You are viewing a plain text version of this content. The canonical link for it is here.
Posted to commits@systemds.apache.org by ja...@apache.org on 2021/05/13 11:41:01 UTC
[systemds] branch master updated: [SYSTEMDS-2870][DOC] Builtin
Decision Tree (#1272)
This is an automated email from the ASF dual-hosted git repository.
janardhan pushed a commit to branch master
in repository https://gitbox.apache.org/repos/asf/systemds.git
The following commit(s) were added to refs/heads/master by this push:
new dadc154 [SYSTEMDS-2870][DOC] Builtin Decision Tree (#1272)
dadc154 is described below
commit dadc15453d0de8956a1ac3097c2d47ae1f0547d2
Author: Janardhan Pulivarthi <j1...@protonmail.com>
AuthorDate: Thu May 13 17:10:51 2021 +0530
[SYSTEMDS-2870][DOC] Builtin Decision Tree (#1272)

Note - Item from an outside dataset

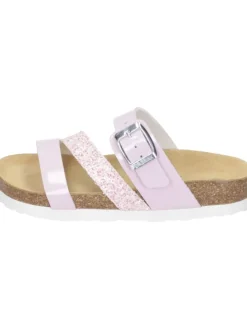 Klassische Pantoletten in rosa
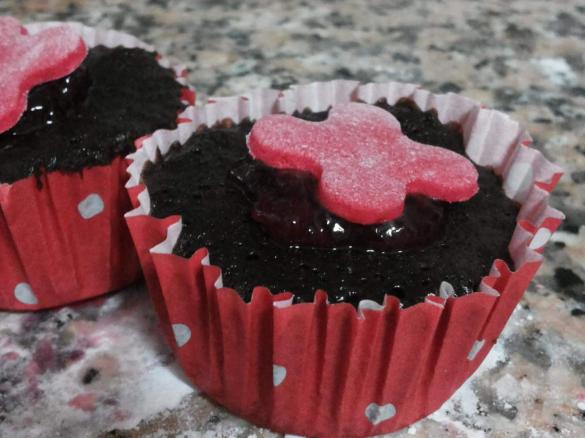 Cupcake Chocolate fingido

Reference commit: 44e42945
---
docs/site/builtins-reference.md | 47 +++++++++++++++++++++++++++++++++++++++++
1 file changed, 47 insertions(+)
diff --git a/docs/site/builtins-reference.md b/docs/site/builtins-reference.md
index bb8bb93..9ad2d72 100644
--- a/docs/site/builtins-reference.md
+++ b/docs/site/builtins-reference.md
@@ -33,6 +33,7 @@ limitations under the License.
* [`csplineDS`-Function](#csplineDS-function)
* [`cvlm`-Function](#cvlm-function)
* [`DBSCAN`-Function](#DBSCAN-function)
+ * [`decisionTree`-Function](#decisiontree-function)
* [`discoverFD`-Function](#discoverFD-function)
* [`dist`-Function](#dist-function)
* [`dmv`-Function](#dmv-function)
@@ -374,6 +375,52 @@ X = rand(rows=1780, cols=180, min=1, max=20)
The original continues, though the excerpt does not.